**Assignment**
The whole listing, except its pictures, is to be repeated exactly.

**Records**
....
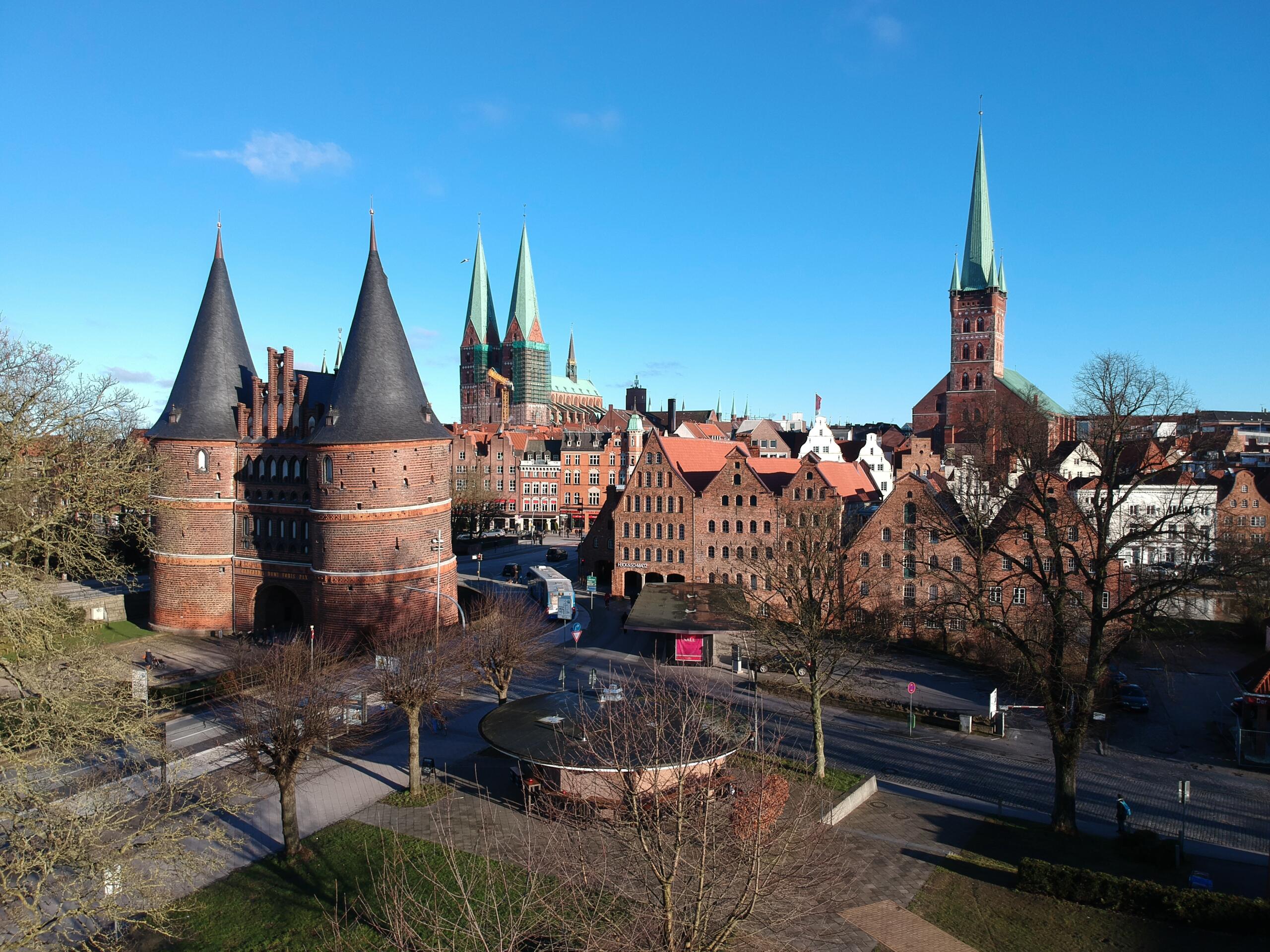 Schädlingsbekämpfung Lübeck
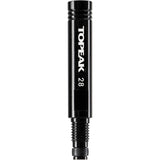 TopEak Vantiel Extractor sett fransk 28mm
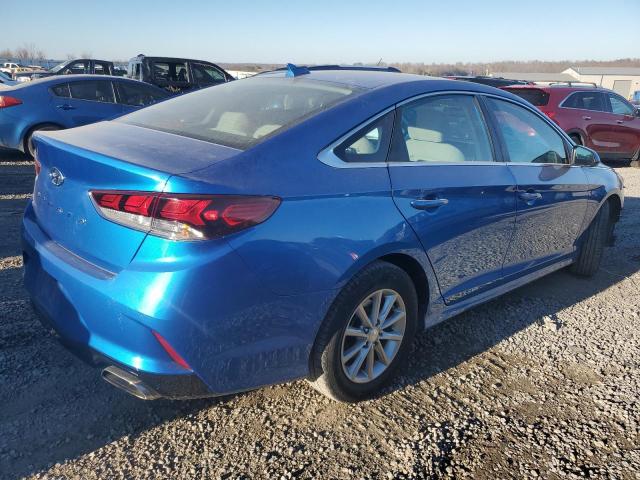 Photo 2 VIN: 5NPE24AF1KH777643 - HYUNDAI SONATA 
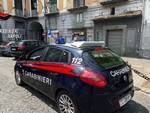 carabinieri gragnano morte serena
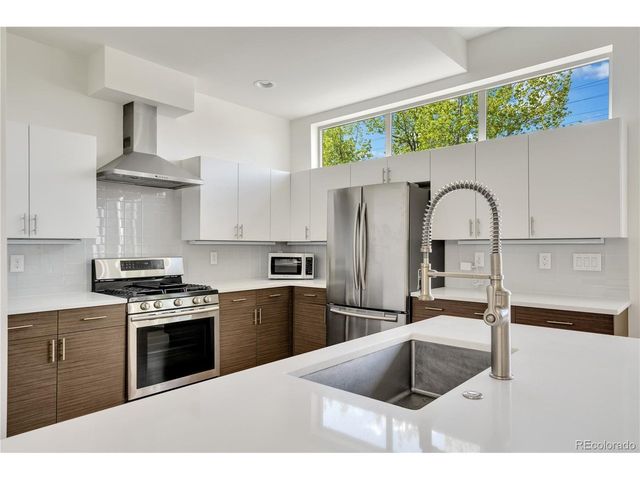 1208 Perry St, Denver, CO 80204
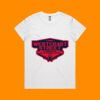 Wo's Maple Tee Thumbnail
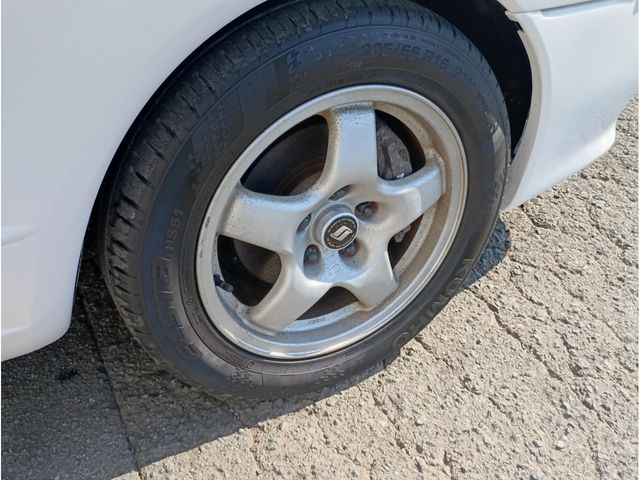 NISSAN SKYLINE 1992 Image 31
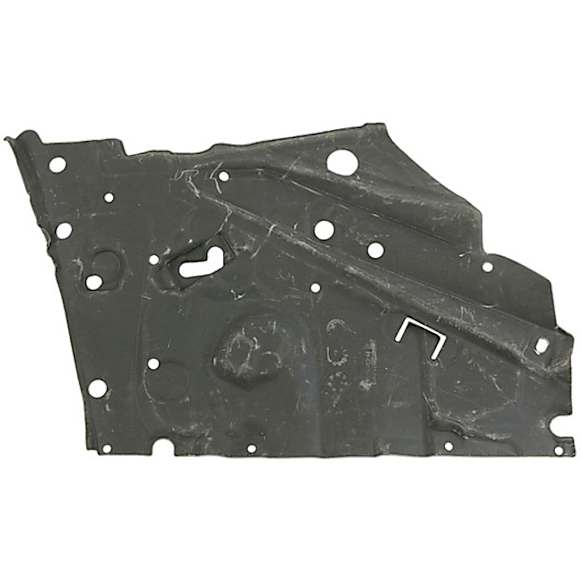 51-48-7-128-278 Direct Fit Quarter Panel Insulator, Sold Individually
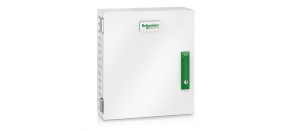 APC Galaxy VS Maintenance Bypass Panel, single unit, 10-20kW 400V wallmount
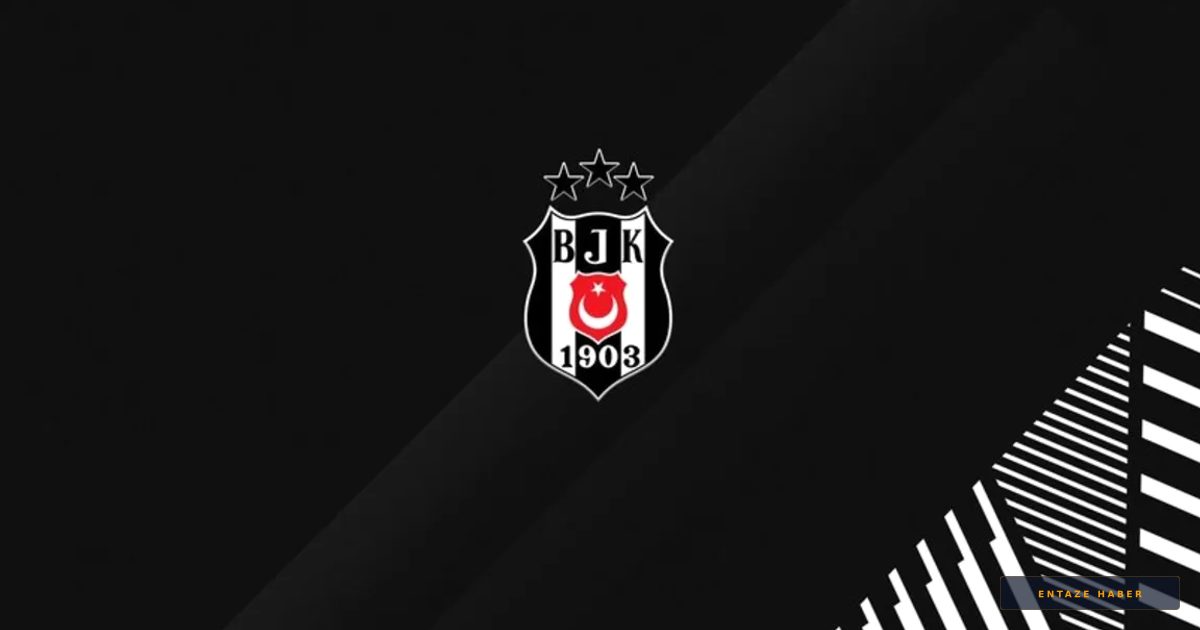 Beşiktaş’ta Ersin Destanoğlu Dönemi Resmen Sona Erdi: Veda Mesajı Yayınlandı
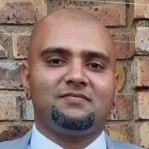 Ishan Maharaj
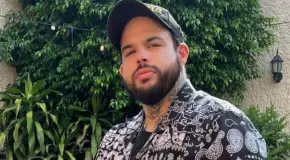 Emiliano Aguilar prefiere triunfar solo antes de reconciliarse con Pepe Aguilar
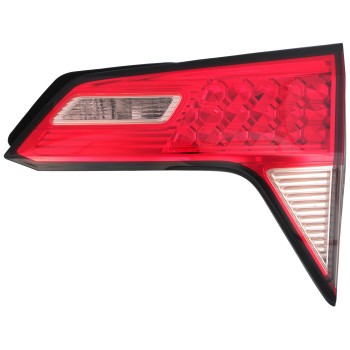 Tail Light Assembly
....
**Exercise answer**
 Schädlingsbekämpfung Lübeck
 TopEak Vantiel Extractor sett fransk 28mm
 Photo 2 VIN: 5NPE24AF1KH777643 - HYUNDAI SONATA 
 carabinieri gragnano morte serena
 1208 Perry St, Denver, CO 80204
 Wo's Maple Tee Thumbnail
 NISSAN SKYLINE 1992 Image 31
 51-48-7-128-278 Direct Fit Quarter Panel Insulator, Sold Individually
 APC Galaxy VS Maintenance Bypass Panel, single unit, 10-20kW 400V wallmount
 Beşiktaş’ta Ersin Destanoğlu Dönemi Resmen Sona Erdi: Veda Mesajı Yayınlandı
 Ishan Maharaj
 Emiliano Aguilar prefiere triunfar solo antes de reconciliarse con Pepe Aguilar
 Tail Light Assembly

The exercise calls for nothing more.